I don't particularly love my job. I could do other things that I like much better. In fact, if I didn't have a significant chunk of change coming out of my check every payday for health care (medical insurance, dental insurance, and a flexible spending account to cover copays and deductibles and miscellaneous expenses), I could take a noticeable pay cut and still come out even. I'd love to take a year or two off and play guitar and maybe finish painting my house.

But, one of the primary reasons I get up every morning and go to work at a job I don't hate but hardly love is because, at my age ... barely younger than the guy in the story, I don't dare let my health insurance lapse. I make enough to pay bills and spend a little money, but probably the number one reason I hold a job is because I want to make damn sure I have health insurance in case I wake up one morning and discover that my own ever-growing prostate has gone cancerous on me. (Never mind that I have a wife and kids depending on me for medical care, something the subject of the other article didn't have to worry about.)

[Male millenial friends take note: your prostate, like your ears and nose, never stops growing. It's a design flaw but not one that's likely to generate a recall notice. One day you'll notice that it has taken a little time and effort to start peeing. Then you'll notice that even after you think you're done peeing you maybe aren't quite. Lesson: when you turn 40-ish, start having your doctor keep an eye on your prostate. Unlike a testicle exam, you couldn't really do this one yourself even if you wanted to. And, though you may be happy to help her out with at-home breast exams, I really wouldn't ask your girlfriend to do this for you, either. But, back to the story.]
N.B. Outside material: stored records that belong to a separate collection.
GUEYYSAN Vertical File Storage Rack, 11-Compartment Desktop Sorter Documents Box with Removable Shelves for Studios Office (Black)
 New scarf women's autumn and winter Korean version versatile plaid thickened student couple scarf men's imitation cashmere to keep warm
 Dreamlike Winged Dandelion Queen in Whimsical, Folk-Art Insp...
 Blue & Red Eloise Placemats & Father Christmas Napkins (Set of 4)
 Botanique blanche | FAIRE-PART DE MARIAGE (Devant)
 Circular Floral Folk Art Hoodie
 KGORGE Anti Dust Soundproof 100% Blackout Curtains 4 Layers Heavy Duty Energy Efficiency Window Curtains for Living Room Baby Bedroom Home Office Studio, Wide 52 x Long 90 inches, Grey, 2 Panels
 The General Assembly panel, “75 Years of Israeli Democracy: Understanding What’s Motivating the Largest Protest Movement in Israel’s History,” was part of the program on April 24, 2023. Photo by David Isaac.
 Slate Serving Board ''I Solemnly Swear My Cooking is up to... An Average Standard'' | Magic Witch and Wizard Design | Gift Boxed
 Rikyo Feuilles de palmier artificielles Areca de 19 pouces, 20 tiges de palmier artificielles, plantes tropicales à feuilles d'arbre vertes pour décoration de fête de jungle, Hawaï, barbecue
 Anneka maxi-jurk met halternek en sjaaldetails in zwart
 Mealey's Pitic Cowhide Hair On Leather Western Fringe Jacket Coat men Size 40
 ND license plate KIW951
I'd have to say that I resent this guy just up and quitting his job. Fair enough, he probably had money put away to feed himself, so it's not like he was asking us to provide him with free food simply because he chose not to work for a year or so. Hey, if you can afford to hang out reading books and playing poker for a year, more power to you! But, if you can't afford health insurance, I'm not sure you can afford to quit working.

Perhaps I'd be more sympathetic if the author of the article had argued that health insurance should be cheaper so that maybe we could afford to lay out of work for a year or two and pay monthly premiums out of a modest savings account. Or, so people who make minimum wage or less could buy health insurance even if their employer deliberately schedules them for 39 hours a week to avoid providing health insurance benefits. Or, so people could afford COBRA payments for three months before their insurance kicks in at a new employer. Reducing the cost of health insurance is an idea I could get behind.

Health care and health insurance are artificially expensive. I happen to believe that health insurance itself has driven the cost of health care to absurd heights and that insurance companies in general are little better than the Mafia's protection rackets. But, I don't believe that forcing people to buy insurance will fix any of that. Mandating health insurance might have prevented the subject of the story I read from making a foolish choice, but it couldn't force him into a doctor's office and it won't make insurance itself affordable.

To me, the cost of insurance is the real problem we should be addressing. Whether you buy it or not is up to you. Just don't expect to be bailed out of a bad bet if you choose to roll the dice. The guy in this story was a Harvard-educated pension planner, for pete's sake! He knew he was making a bad bet. We can't force people to act on their own behalf and we shouldn't act for them. But, to the extent that we can make it possible for people to act on their own behalf when they want to, we should.